Darwin is pretty specific when it comes to the laws of who will survive and who won’t. Horror movies ask a lot from viewers when it comes to suspending disbelief when it comes to characters refusing to leave their haunted house due to financial reasons or constantly splitting up to search the mental ward, but what about common sense? Looking past all the flimsy and oft regurgitated excuses for main characters to have cameras and closed circuit systems, it’s hard to swallow their extreme idiocy.
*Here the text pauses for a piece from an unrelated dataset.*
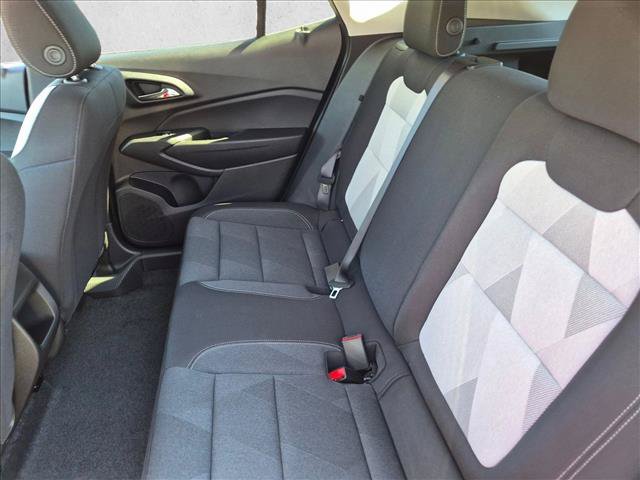 New 2026 Chevrolet Trax LS w/ LS Convenience Package FWD image 15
When a bloodthirsty demon or murderous ghost is chasing you, would you hold onto bulky equipment that’s slowing you down? No, no you wouldn’t. You would drop it like it’s hot and get right on out of there. Unfortunately, the people in found footage films are a little less practical. They’ll cling to the cameras, conveniently pointing them at their faces for reactions shots or behind them for flashes of scary entities (further stretching our suspension of disbelief), but refusing to just let go. It’s even more frustrating when the camera gets dropped and the person scrambles for it as the director’s way of adding tension to the film but really, it just makes one wish the character would get eaten.

 

Why Are You Still Filming? People Are Dying!

Good idea. Film yourself rather than go to a doctor. Brilliant.
Good idea. Film yourself rather than go to a doctor. Brilliant.

Inevitably, a character will demand why another is still filming, usually about halfway through the movie. Some of their companions will have died, they will have been chased, attacked, and frightened and one sorry sack is still filming, as if they lack one single shred of human decency and, more importantly, common sense. The usual excuse is that the person filming wants to make sure the horror is being documented so that “everyone will know the truth.”

Then, of course, it will usually come down to the last survivor who (guess what!?) is still filming and vomiting out a monologue for the camera. In Paranormal Activities 4, the main character continues to film after everything has hit the fan. Rather than turning and running like any sane person would do when something comes out of the darkness at her, she keeps the camera filming and pointing at the demon. Of course, in Paranormal Activities 5, one guy keeps his camera with him even as all his friends are slaughtered; he’s being surrounded by witches, and is sucked through a demon door to another time. In Grave Encounters 2, a guy is grabbed by some vengeful demon and his friend helps him get away, all the while still holding the camera and filming!

 

If You Can’t Do It, Stop Trying!

The first few found footage films were simple and straight forward and the characters usually only had one camera. Of course, this imposes some limitations on the film itself since the director can’t use certain shots or angles without it seeming ridiculous. Now found footage films are trying to get around this by allowing the faceless people who “find” these films access to things they should not have access to. This could include security camera footage of parking lots and store fronts, police tapes of suspect confessionals (as seen in Paranormal Activities 5), which begs the question; why didn’t they just make it into a regular movie? Devil’s Due even has an evil cult that breaks into the house and installs cameras at every angle to ensure proper documentation of the suspense.

Thank god whoever "found" this footage was thoughtful enough to get the police tapes too
Thank God whoever “found” this footage was thoughtful enough to get the police tapes too.

Found footage films were interesting and unique when they first started appearing in theaters, one could almost believe that they really were based on true events but now, it’s time to give up the ghost, so to speak. When the premise of your film is the same as all the rest, and your characters seem rather stupid and foolish, and your audience can guess when the jump scare is coming because the character puts the camera down, it’s time to move on.